Your answer should consist of the lines in the following data that contain "location".

==== Records provided ====

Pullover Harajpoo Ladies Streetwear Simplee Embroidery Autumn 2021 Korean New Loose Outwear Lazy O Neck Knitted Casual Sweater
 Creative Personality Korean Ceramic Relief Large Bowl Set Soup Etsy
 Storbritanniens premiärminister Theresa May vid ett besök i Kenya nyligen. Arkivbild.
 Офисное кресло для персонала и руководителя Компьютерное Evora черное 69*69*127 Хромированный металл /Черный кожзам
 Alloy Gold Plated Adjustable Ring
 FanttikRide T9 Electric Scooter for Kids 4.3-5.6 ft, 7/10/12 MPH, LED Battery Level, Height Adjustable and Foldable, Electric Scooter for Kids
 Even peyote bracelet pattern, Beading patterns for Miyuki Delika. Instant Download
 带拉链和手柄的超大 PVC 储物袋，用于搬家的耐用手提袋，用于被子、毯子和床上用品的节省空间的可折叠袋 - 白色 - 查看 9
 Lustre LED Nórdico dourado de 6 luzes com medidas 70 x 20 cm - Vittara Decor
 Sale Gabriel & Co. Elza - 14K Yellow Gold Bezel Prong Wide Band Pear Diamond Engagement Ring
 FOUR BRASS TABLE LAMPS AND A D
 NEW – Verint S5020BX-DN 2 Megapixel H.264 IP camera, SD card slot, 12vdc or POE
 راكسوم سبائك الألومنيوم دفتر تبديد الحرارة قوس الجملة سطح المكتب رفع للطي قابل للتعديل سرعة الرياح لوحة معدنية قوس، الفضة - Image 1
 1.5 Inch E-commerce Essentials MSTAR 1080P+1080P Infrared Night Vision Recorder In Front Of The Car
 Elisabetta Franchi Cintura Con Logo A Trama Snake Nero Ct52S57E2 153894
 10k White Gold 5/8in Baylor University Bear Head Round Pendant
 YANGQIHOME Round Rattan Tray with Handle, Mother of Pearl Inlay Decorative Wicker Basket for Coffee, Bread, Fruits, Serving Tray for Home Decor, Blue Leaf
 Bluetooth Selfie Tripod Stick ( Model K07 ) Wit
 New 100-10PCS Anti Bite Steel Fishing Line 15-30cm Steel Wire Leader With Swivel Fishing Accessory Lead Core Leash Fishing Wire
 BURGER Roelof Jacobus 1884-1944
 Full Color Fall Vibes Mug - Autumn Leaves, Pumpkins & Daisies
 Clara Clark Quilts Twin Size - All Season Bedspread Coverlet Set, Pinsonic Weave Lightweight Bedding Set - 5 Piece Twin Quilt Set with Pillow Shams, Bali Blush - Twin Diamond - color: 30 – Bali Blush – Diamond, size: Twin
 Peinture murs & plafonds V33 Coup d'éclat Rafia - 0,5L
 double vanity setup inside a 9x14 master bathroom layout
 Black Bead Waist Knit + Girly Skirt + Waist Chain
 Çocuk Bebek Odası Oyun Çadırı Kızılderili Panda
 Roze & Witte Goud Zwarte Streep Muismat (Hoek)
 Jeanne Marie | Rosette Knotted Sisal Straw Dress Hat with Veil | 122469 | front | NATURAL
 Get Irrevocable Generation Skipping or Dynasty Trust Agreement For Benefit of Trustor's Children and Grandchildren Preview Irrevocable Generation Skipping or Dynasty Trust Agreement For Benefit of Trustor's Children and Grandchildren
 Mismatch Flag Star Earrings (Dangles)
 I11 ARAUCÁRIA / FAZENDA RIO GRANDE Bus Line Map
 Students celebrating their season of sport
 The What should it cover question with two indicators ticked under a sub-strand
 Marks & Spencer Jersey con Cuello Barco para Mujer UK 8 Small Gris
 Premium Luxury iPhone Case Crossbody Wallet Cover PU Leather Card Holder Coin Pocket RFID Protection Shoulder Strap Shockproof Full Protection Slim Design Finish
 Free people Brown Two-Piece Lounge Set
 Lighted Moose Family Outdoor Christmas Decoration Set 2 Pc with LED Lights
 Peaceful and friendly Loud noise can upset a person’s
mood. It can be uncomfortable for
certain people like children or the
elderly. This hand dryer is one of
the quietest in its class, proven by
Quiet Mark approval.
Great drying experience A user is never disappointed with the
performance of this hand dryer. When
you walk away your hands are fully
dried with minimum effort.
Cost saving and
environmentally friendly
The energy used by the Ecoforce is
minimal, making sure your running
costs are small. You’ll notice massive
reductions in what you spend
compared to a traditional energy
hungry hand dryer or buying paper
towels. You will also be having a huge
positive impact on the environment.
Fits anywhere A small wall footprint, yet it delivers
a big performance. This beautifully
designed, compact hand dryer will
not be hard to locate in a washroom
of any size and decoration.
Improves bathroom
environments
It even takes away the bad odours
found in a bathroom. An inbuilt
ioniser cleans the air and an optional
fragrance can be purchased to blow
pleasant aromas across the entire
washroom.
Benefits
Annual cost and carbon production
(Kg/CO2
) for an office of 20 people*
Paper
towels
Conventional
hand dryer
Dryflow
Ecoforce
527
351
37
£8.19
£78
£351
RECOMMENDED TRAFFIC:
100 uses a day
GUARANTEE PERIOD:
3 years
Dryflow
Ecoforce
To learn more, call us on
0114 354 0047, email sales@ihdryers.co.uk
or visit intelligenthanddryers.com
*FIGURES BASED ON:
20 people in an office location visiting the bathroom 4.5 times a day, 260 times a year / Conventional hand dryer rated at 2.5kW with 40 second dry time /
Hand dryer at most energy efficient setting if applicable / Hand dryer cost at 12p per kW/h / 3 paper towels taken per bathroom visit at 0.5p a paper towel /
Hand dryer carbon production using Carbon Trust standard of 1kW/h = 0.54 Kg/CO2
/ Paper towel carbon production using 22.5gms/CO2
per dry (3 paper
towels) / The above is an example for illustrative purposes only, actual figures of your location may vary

====

→ Output below:
20 people in an office location visiting the bathroom 4.5 times a day, 260 times a year / Conventional hand dryer rated at 2.5kW with 40 second dry time /
towels) / The above is an example for illustrative purposes only, actual figures of your location may vary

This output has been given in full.